Photo by Jakub Żerdzicki on Unsplash
Enhanced Loan Status Prediction: Comparing Logistic Regression and SVM Models
1. Introduction
Predicting loan status is a critical task in the financial sector, helping lenders make informed decisions on loan approvals. Machine learning models offer powerful tools to streamline this process, providing accuracy and efficiency that traditional methods often lack.
In this project, we build a loan status prediction model using Logistic Regression and Support Vector Machines (SVM). The process involves thorough data preprocessing, including handling missing values, scaling numerical features, and encoding categorical variables. We also address the challenge of class imbalance by applying advanced techniques such as SMOTE and class weighting to improve the model’s performance.
By comparing the results of the two models, we aim to identify the best approach for loan status prediction, balancing precision, recall, and overall accuracy. This project demonstrates the application of machine learning techniques to solve real-world classification problems effectively.
2. Understanding the Dataset
The dataset used in this project contains information about loan applications, including both numerical and categorical features.
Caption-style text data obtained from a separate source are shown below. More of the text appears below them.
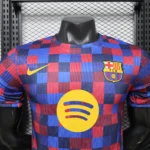 2026/2027赛季巴塞罗那球员版赛前热身服红蓝格子足球衫 1:1 泰国品质 - Image 3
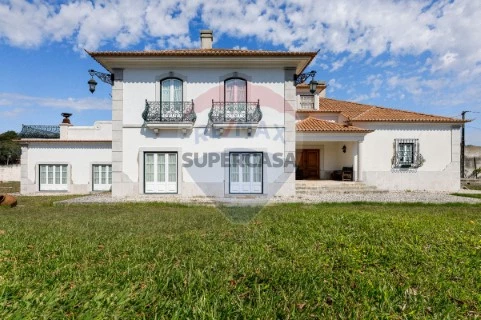 Maison 4 Chambres au Bucelas, Loures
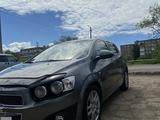 Chevrolet Aveo 2014 года за 3 550 000 тг. в Караганда – фото 3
The target variable indicates whether the loan was approved or not. Below is a summary of the dataset’s features and their meanings:
Gender: Male or Female (categorical).
Married: Marital status of the applicant (categorical).
Dependents: Number of dependents the applicant has (categorical).
Education: Graduate or Not Graduate (categorical).
Self_Employed: Whether the applicant is self-employed (categorical).
ApplicantIncome: Income of the applicant (numerical).
CoapplicantIncome: Income of the co-applicant (numerical).
LoanAmount: Amount of the loan applied for (numerical).
Loan_Amount_Term: Term of the loan in months (numerical).
Credit_History: Whether the applicant has a credit history (numerical).
Property_Area: Area type where the property is located (categorical).
Loan_Status: Target variable indicating loan approval (Yes/No).
This dataset provides a mix of numerical and categorical features, making it ideal for exploring preprocessing techniques like scaling and encoding. Before training the models, we preprocess the data to handle missing values, normalize numerical features, and encode categorical variables using one-hot encoding. These steps ensure the data is ready for effective model training and evaluation.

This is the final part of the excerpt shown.